North London can boastfully lay claim to grime pioneers JME and Skepta, the founders of Boy Better Know, Lethal Bizzle, and more recently, MC’s such as Meridian Dan and Capo Lee. Yet the North London rapper arguably getting the biggest online buzz currently has little in common with his predecessors. Jimothy Lacoste, real name Timothy Gonzalez, is a lo-fi bedroom rapper carving out a niche for himself in the London rap scene.
Where grime captures the grit and aggressiveness of life on the street, Jimothy does the opposite. He revels in the mundane, in the difficulty of occupying Summer days, or in not taking drugs. ‘Subway System’, his breakout hit approaching 300k views on YouTube, is an ode to the Underground. He raps, “Businessman, you’re standing too close to the yellow line/ C’mon bro, you’re making me not feel fine/ Plus your bags in front of your legs, you’re out of your mind” – it’s about as uninteresting as a topic can be, and yet, in his deadpan half-rap delivery, it becomes fun. Coupled with the music video that features him dancing down train carriages with bemused onlookers, the song becomes incredibly enjoyable.
The historic magazine Boy’s Own labels the 18-year-old as a revamped Mike Skinner from The Streets, and rightly so. It’s not just that same spoken-word delivery that unites them though, but the parody of rap. In a day and age where the genre, particularly in the US, has become centred more than ever on drug use and money, it’s refreshing to hear lyrics like, “We’ll have mad fun cause we’re always getting paid/ Shopping at Waitrose nearly every day,” and “So get a little hobby, give meaning to, your life/ Then ten to fifteen years you could be a healthy happy wife/ You can’t be doing more drugs than Kate Moss/ That’s how I know you’re heading for a crazy loss“.
Equally, where the Soundcloud generation is making beats ever murkier, it’s refreshing to hear Jimothy’s chirpy, horn-infused, iPad-crafted instrumentals. They’re far lighter and less oppressive than most beats you hear these days, in the spirit of the early days of Chance the Rapper, though with far less finesse.
But for Jimothy, that’s fine. The lack of finesse is all part of the charm.
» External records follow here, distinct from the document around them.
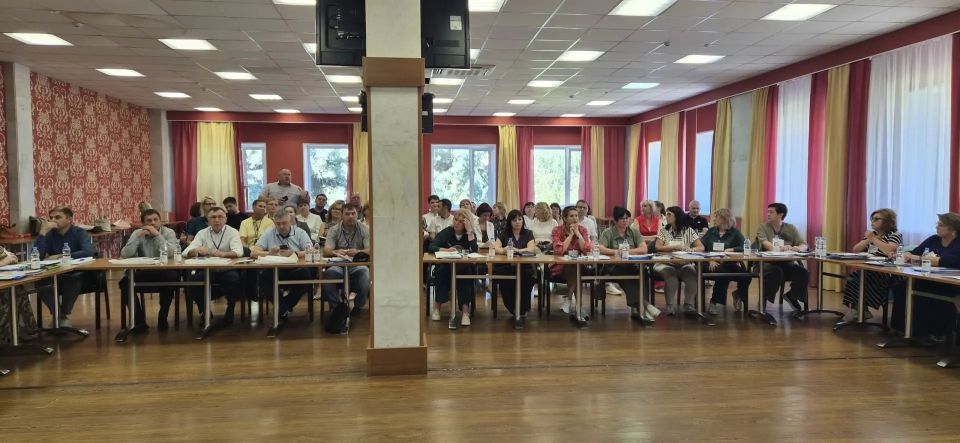 Занятие продолжилось практиками по подсчету УИК голосов избирателей, составлению протокола об итогах голосования, а также по приему ТИК документов от УИК и установлению итогов голосования Занятие продолжилось практиками по подсчету УИК голосов избирателей, составлению протокола об итогах голосования, а также по приему ТИК документов от УИК и установлению итогов голосования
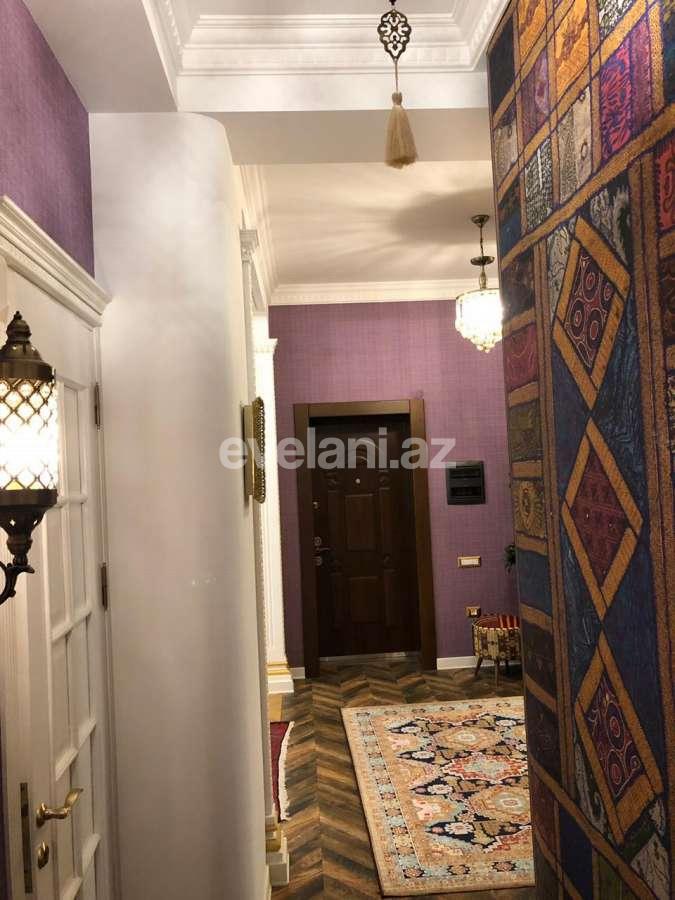 Satılır, yeni tikili, 4 otaqlı, 170 m², 28 may m.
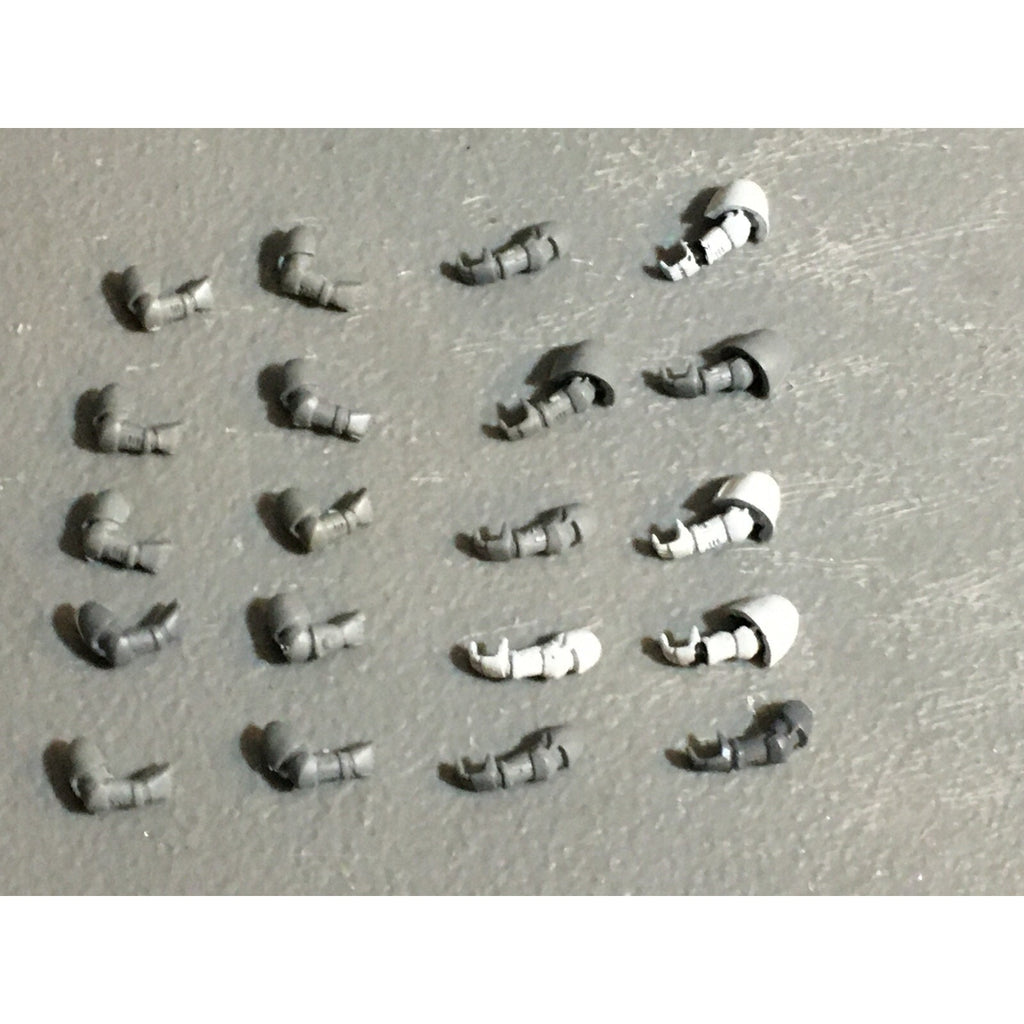A22946 WARHAMMER 40K SPACE MARINES BITS LOT ARMS GAMES WORKSHOP GW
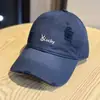 Gorra de Béisbol Bordada con Letras Nueva para Primavera y Verano para Mujer, Gorra de Pico de Pato Desgastada para Exteriores con Ala Ancha, Protección Solar, Moderna y Favorecedora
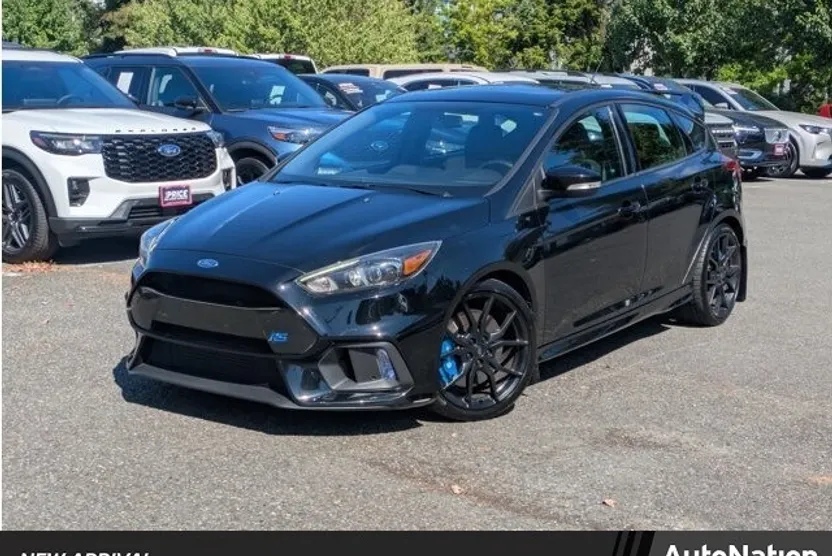 2017 Ford Focus RS photo 1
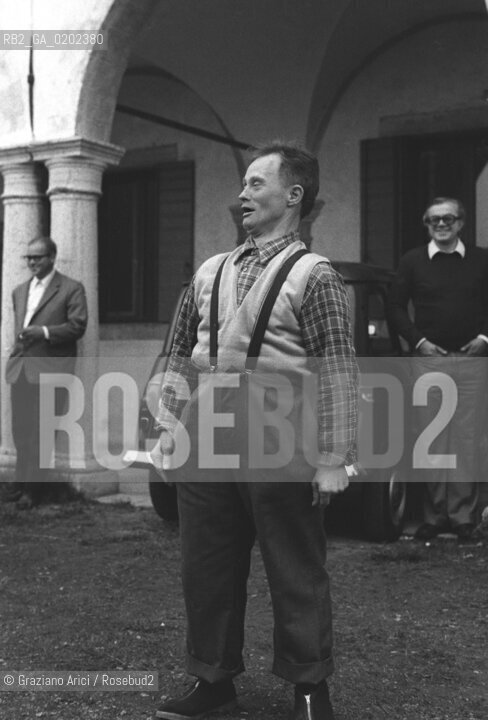 TRIESTE 1975 PAZIENTE OSPEDALE PSICHIATRICO IN PARTENZA PER GITA © ARCHIVIO Graziano Arici/Rosebud2  PAZIENTE  OSPEDALE PROVINCIALE PSICHIATRICO VITTORIO BASAGLIA TRIESTE GITA PRIMO PIANO PAZIENTE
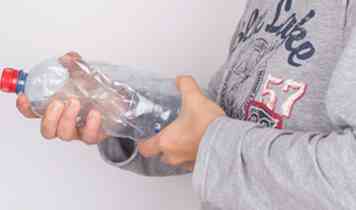 Cómo hacer una tapa de botella de agua Separe con presión de aire 10 pasos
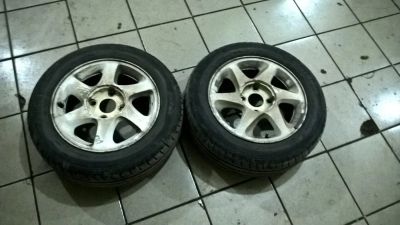 Лот: 6216154. Фото: 1. Комплект колес nissan. Шины на дисках
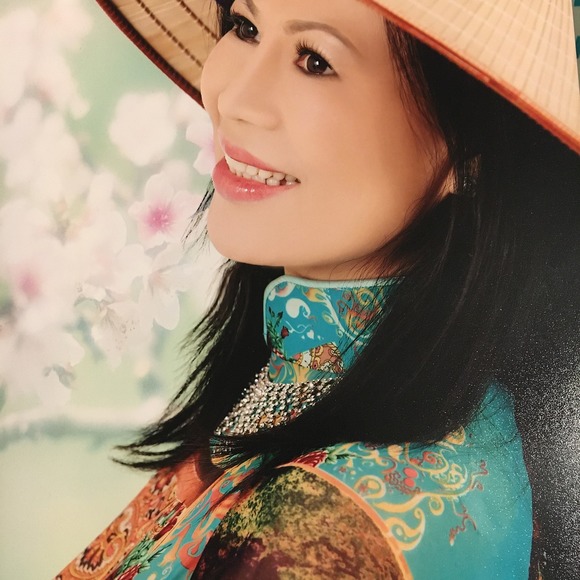 Meet your Posher, Tran - Picture 1 of 1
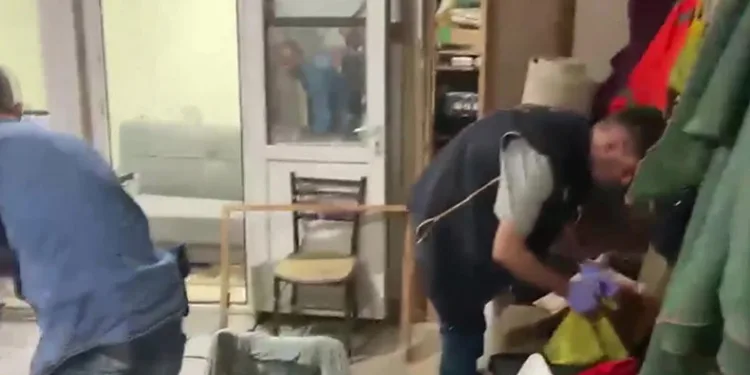 Polisten uyuşturucu satıcılarına operasyon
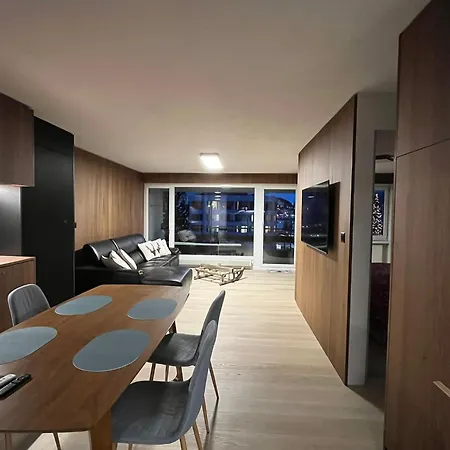 شقة Mountain Loft - Dulac 33 *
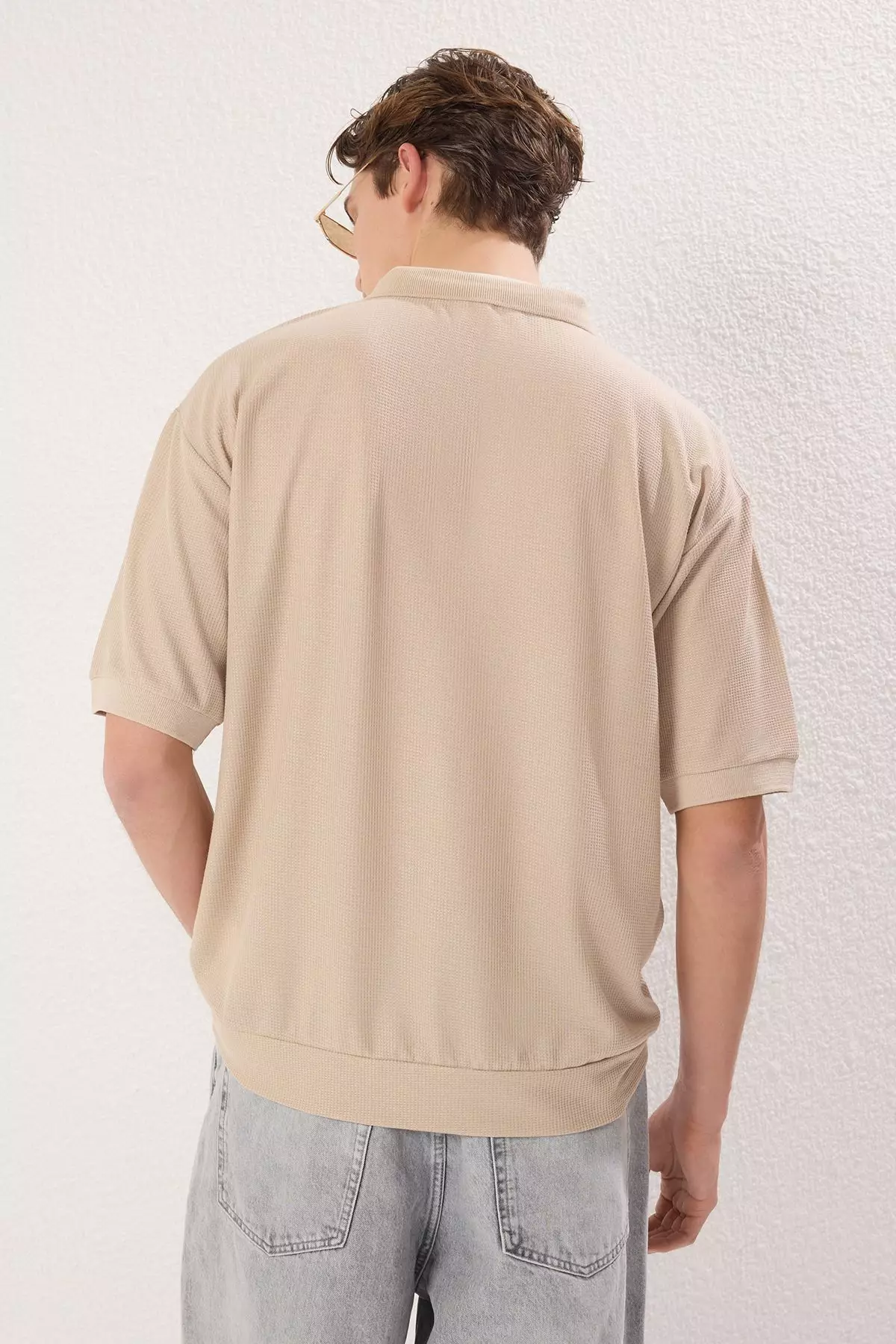 stone Oversize/Wide Cut Textured Polo Neck T-shirt TMNSS25PO00003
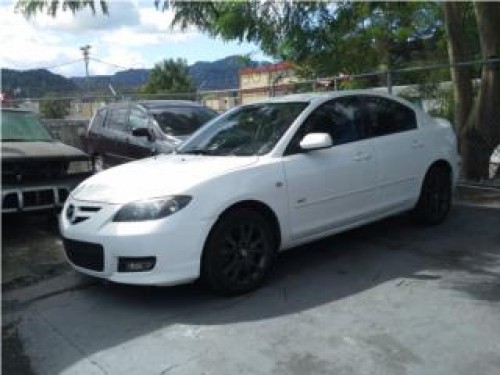 Mazda 3 blanco $9,995 ganga 2007 omo.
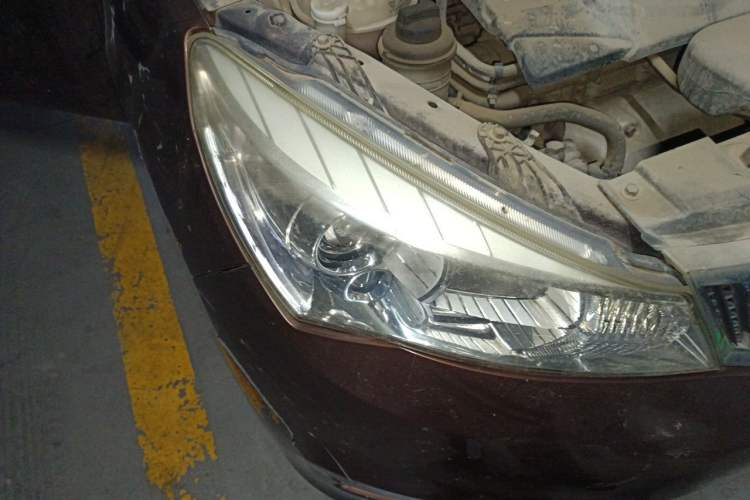 Used Karry K50 2015 1.5L Manual Comfort Model Right Front Headlight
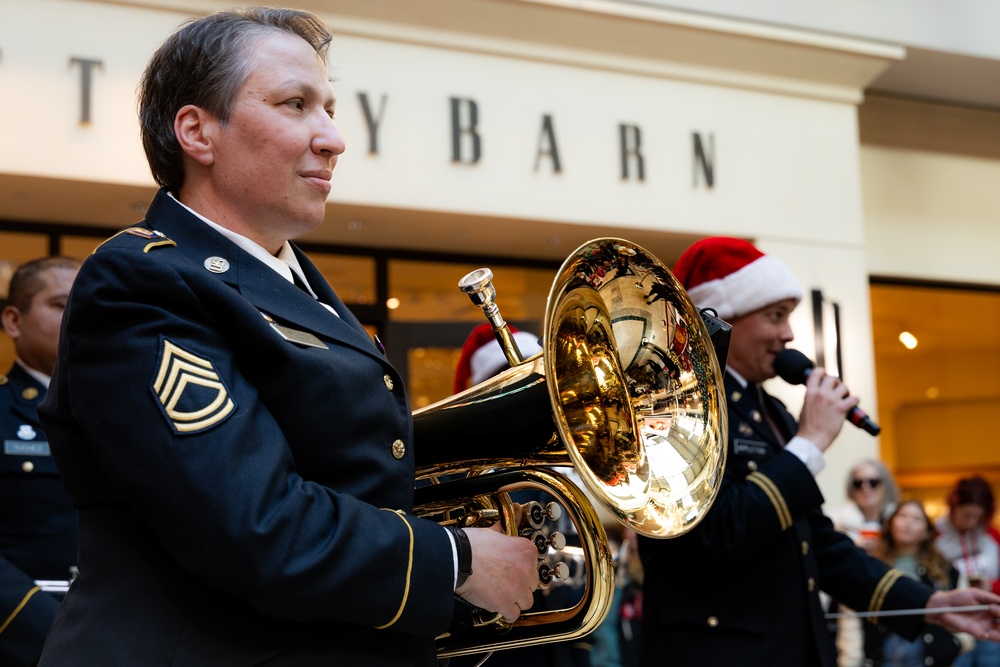 63rd Army Band performs at Bridgewater mall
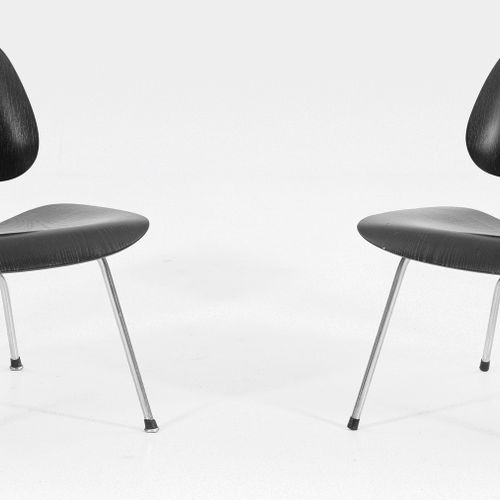 Paar frühe "LCM" Stühle von Charles & Ray Eames 金属和黑色漆面胶合板。由细长的、倾斜的圆杆组成的框架，支撑着有机&hellip;
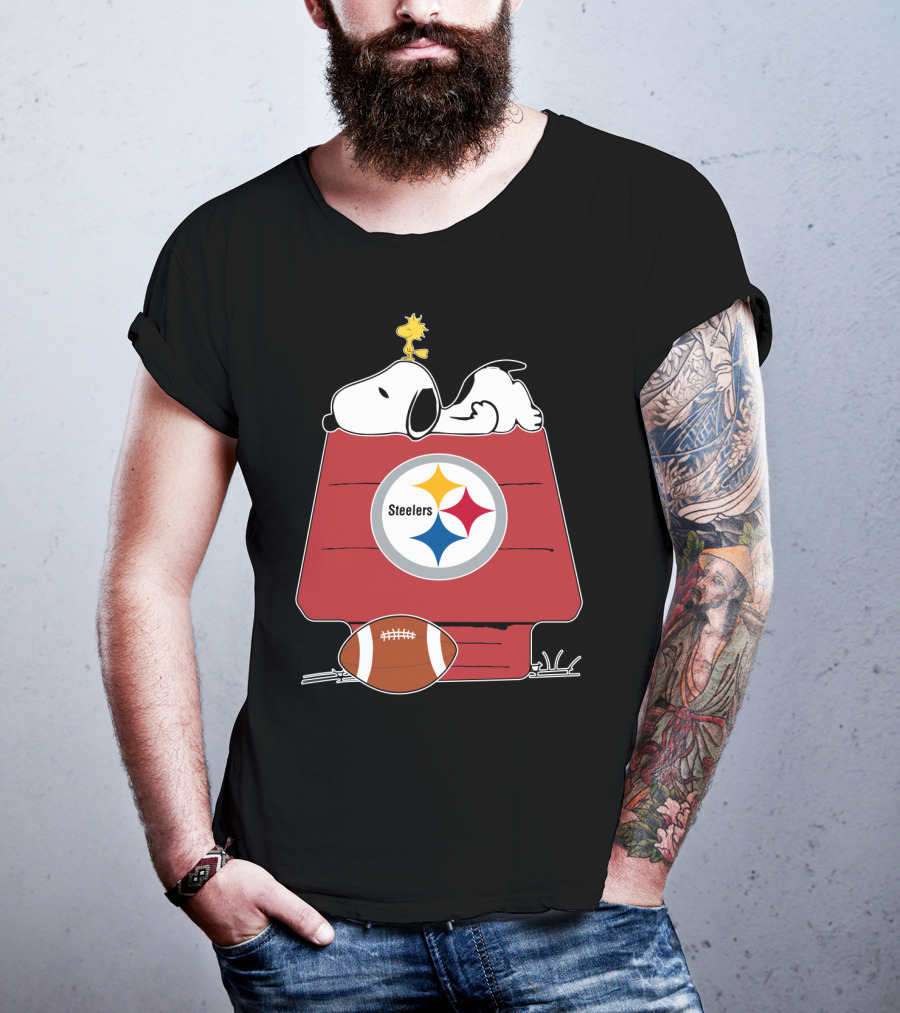 Snoopy And Woodstock With Pittsburgh Steelers Logo And Football On Doghouse T-Shirt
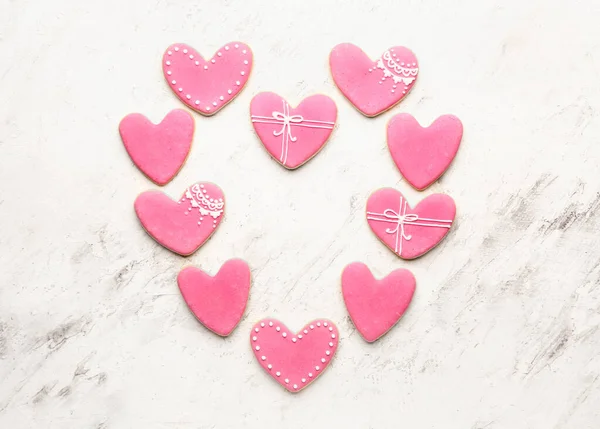 Hartvormige koekjes voor Valentijnsdag op witte achtergrond — Stockfoto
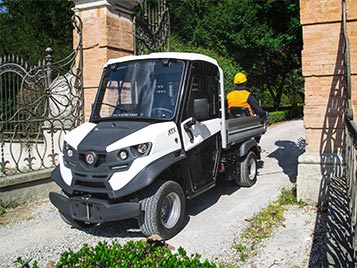 Electric vehicle - People carrier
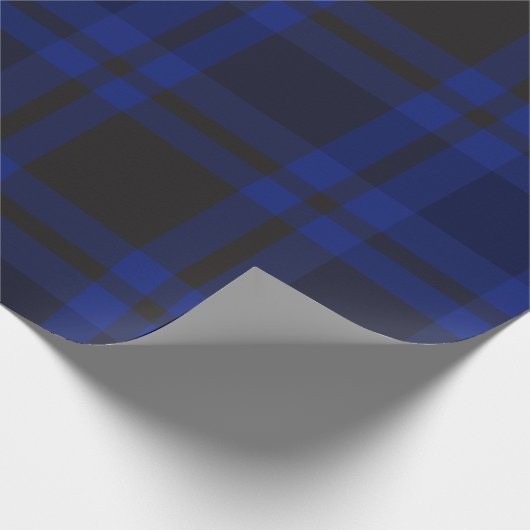 Dunkelblauer Tartan Karierter Karo Wrapping Paper Geschenkpapier (Ecke)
The videos and production are consciously low-budget because he’s about an attitude, a positivity, having the right outlook on life despite the culture holding you back. ‘Subway System’ rightly laments the social awkwardness of Londoners on their daily grind, and ‘Future Bae’ mocks the perfectionist image that apps like Tinder have caused us to create.
As he says on one of his tracks, “Jimothy is blessed, he’s loving his lifestyle/ Riding these lines since young, going mad miles“. With that positivity, may Jimothy Lacoste ride on and on.